Wednesday, November 26, 2008

Begging for Photons Part II: Finding the limit


So some poking about on websites has yielded some results... First, getting information out of NASA is definitely a “wheat from the chaff” kinda operation. NASA documentation is a bewildering blizzard of information presented in a format that probably made sense to the instrument designers, but is not end-user friendly. Eventually I managed to random-walk my way to an exposure-time calculator.

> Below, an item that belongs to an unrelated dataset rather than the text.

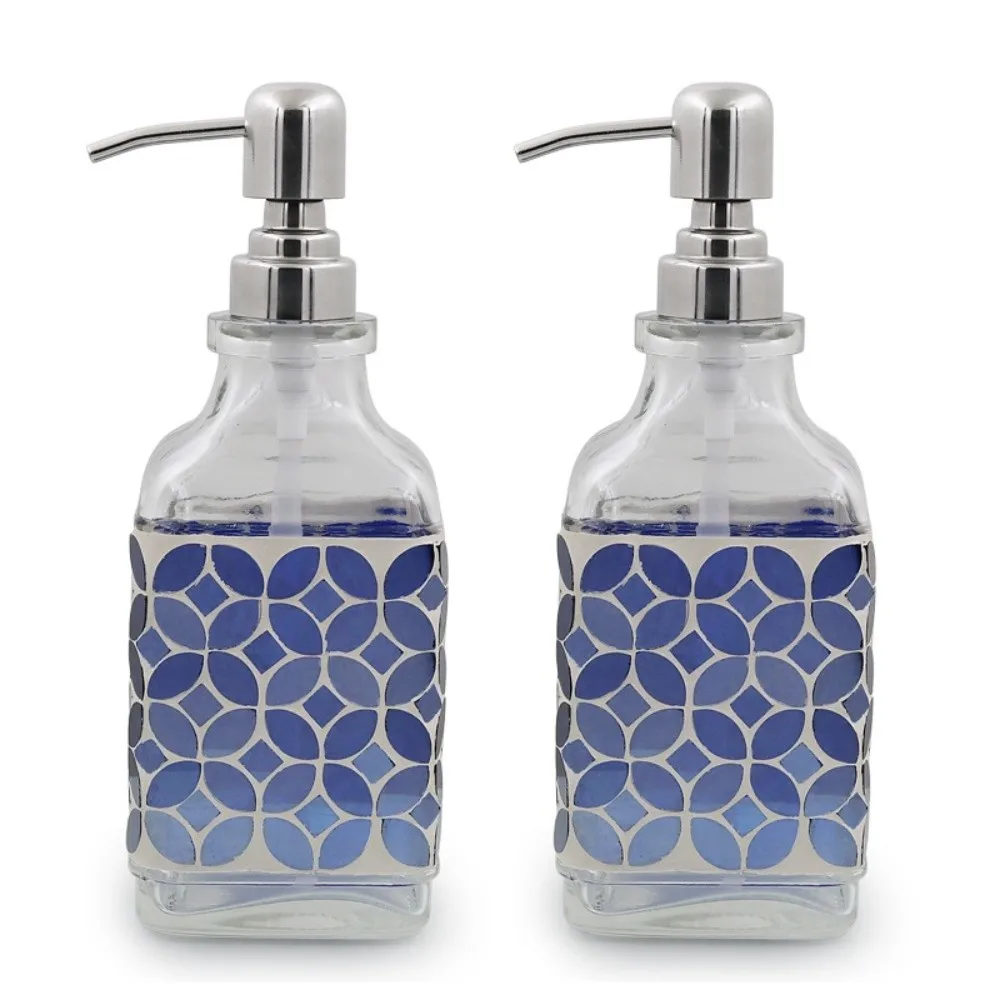Exquisite Luxury Lotion Bottle Mosaic Artistry Handcrafted Press Type Empty Bottle 16oz Capacity High-Volume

And this is where I typically meet my second challenge. The late-time spectra of supernovae are weird. They are dominated by line emission, but the lines are actually quite wide, something like about 1/10th of the spectral width of broad band photometric filters in the NIR. (Roughly 600 Angstroms or so for a line near 1.64 microns for the gear-heads out there). Now for several years I’ve been estimating the strength of the late-time emission lines in SNe Ia by extrapolating Peter Meikle’s absolute IR light curves from 100 days post max to the epoch of observation at around 1 year. For the extrapolation I assume that the late-time light curve fades at a rate consistent with the 77 day half-life of Cobalt-56, which is the dominant energy source in the ejecta. This gives me a rough H-band magnitude for the late-time epoch, and has been OK at predicting the strength of the emission, though I haven’t rigorously tested how accurate this is. (Probably not that accurate, I’d guess, but I don’t really have any other method).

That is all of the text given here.